_Entries supplied_.
○ ○ ○ ○
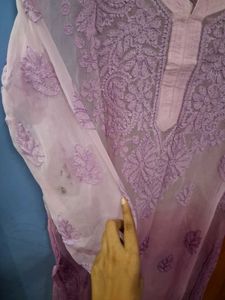 Embroidered Pink Chikankari Kurta
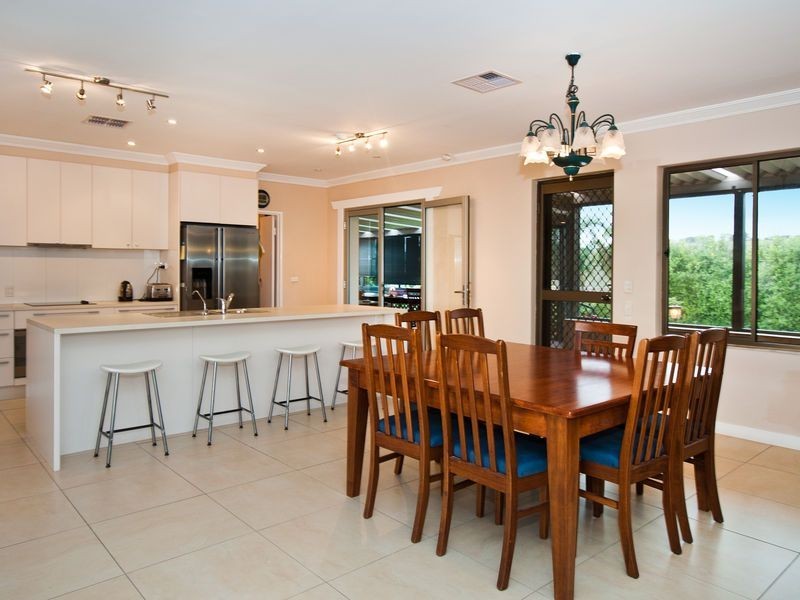 101 Braeside Aveune, Seacombe Heights SA 5047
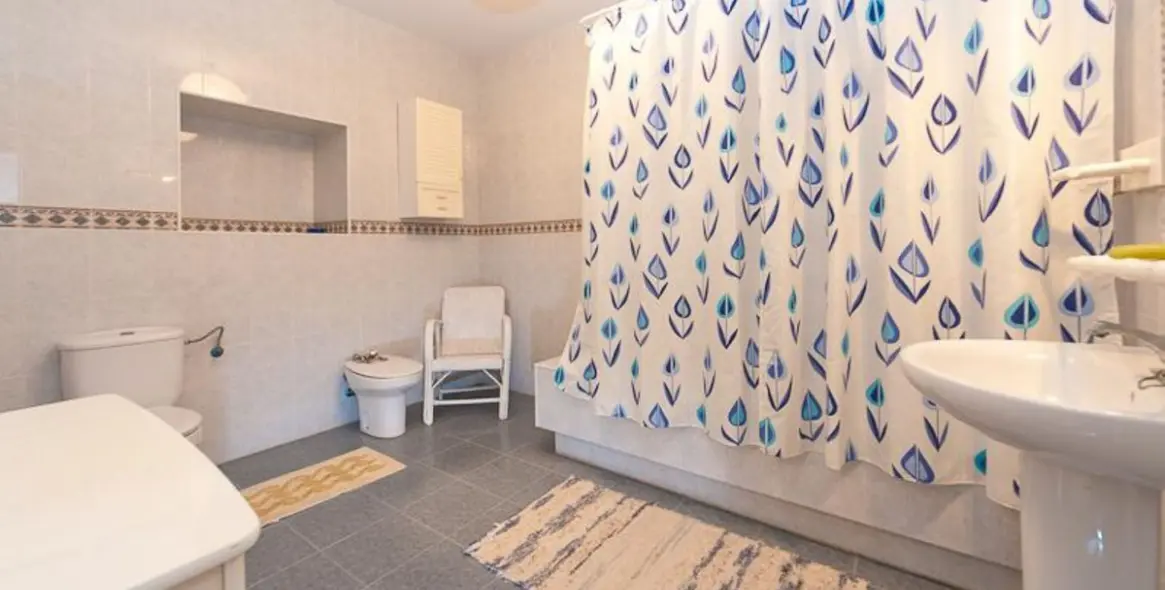 Sale of townhouse in Alora 14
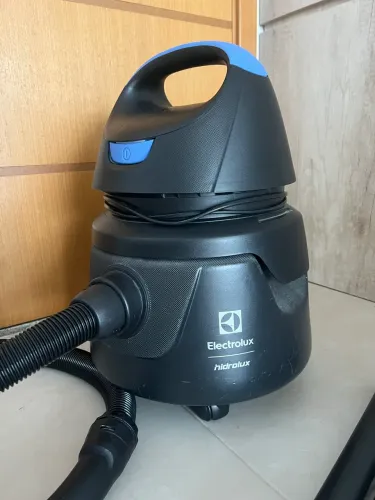 Aspirador de pó Electrolux hidrolux 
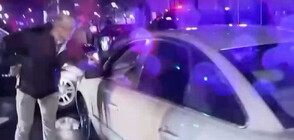Повдигнаха обвинение на мъжа, врязал се в кортежа на Байдън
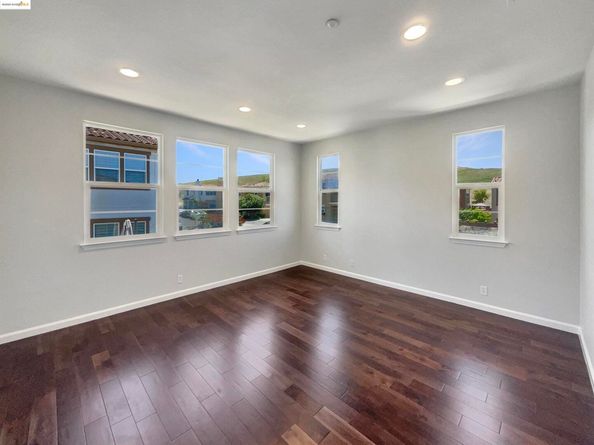 3609 Rocking Horse Ct, Dublin CA 94568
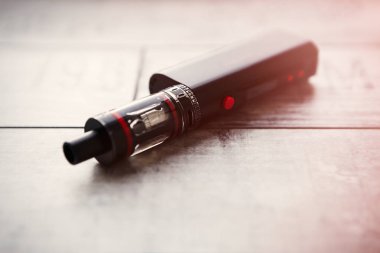 Popüler buharlaştırma cihazı modu. Parçaları modern buharlaştırıcı e-cig cihazı, yedek parça, yeni cihaz modeli, mikro bobin temizleyici. Nikotin sigarası içmeyi bırak, güvenli ecig vape buharlaştırmaya başla.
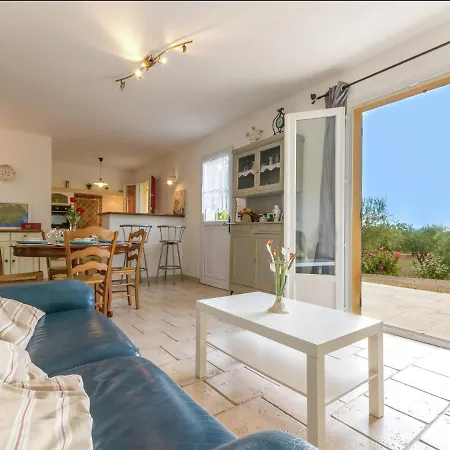 Detached Near The Truffle Capital Of Aups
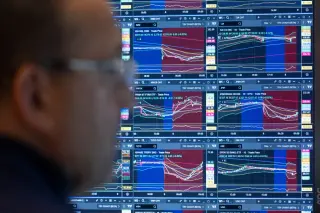 S&P 500 Hits Record High as Airlines and Banks Brace for Earnings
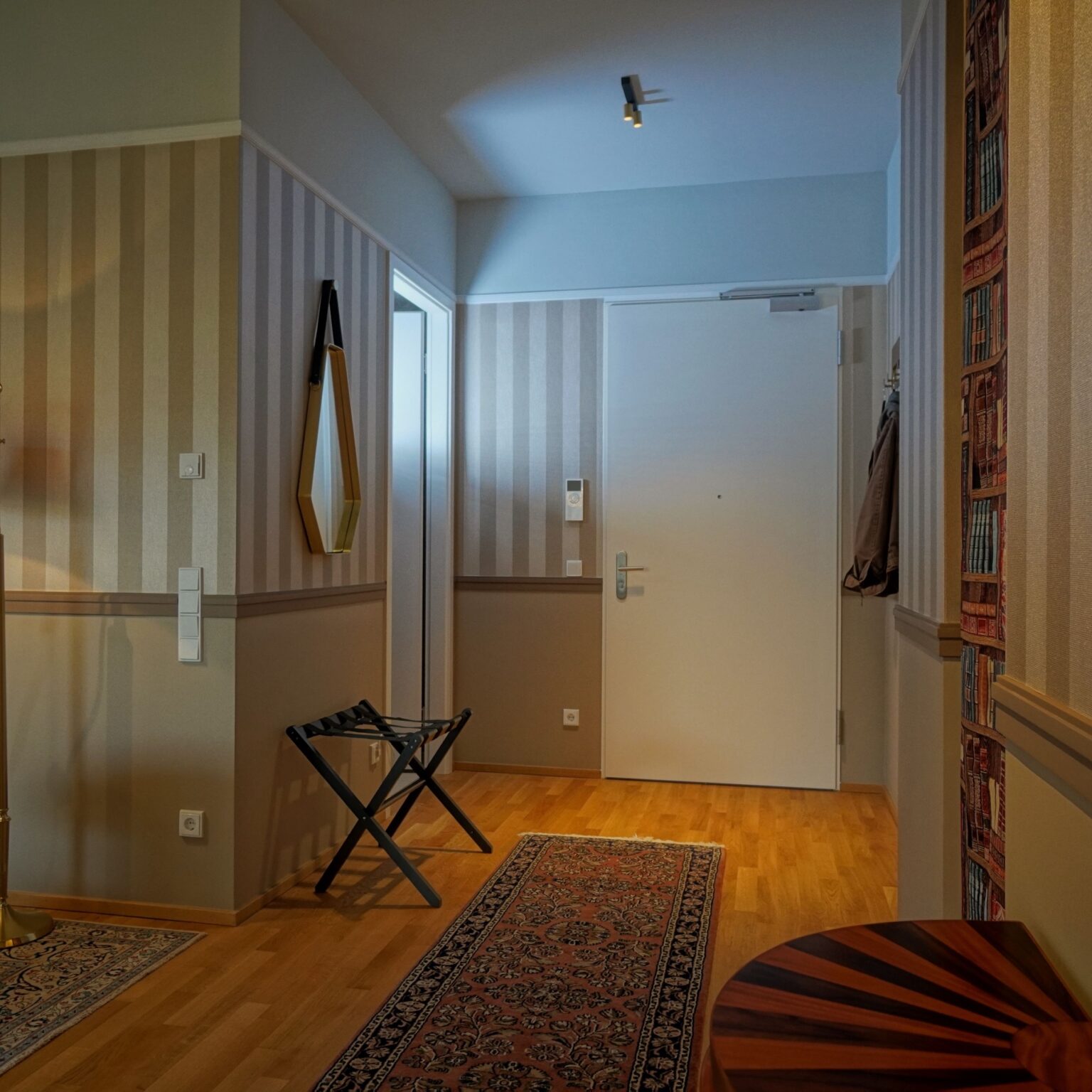 interior-coach-frankfurt-wohnung-eingangsbereich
○ ○ ○ ○
_Your task_. With pictures omitted, restate exactly every line from the one containing "Aspirador de pó Electrolux hidrolux" through the last line of the material, inclusive.

_Written answer_.
 Aspirador de pó Electrolux hidrolux 
Повдигнаха обвинение на мъжа, врязал се в кортежа на Байдън
 3609 Rocking Horse Ct, Dublin CA 94568
 Popüler buharlaştırma cihazı modu. Parçaları modern buharlaştırıcı e-cig cihazı, yedek parça, yeni cihaz modeli, mikro bobin temizleyici. Nikotin sigarası içmeyi bırak, güvenli ecig vape buharlaştırmaya başla.
 Detached Near The Truffle Capital Of Aups
 S&P 500 Hits Record High as Airlines and Banks Brace for Earnings
 interior-coach-frankfurt-wohnung-eingangsbereich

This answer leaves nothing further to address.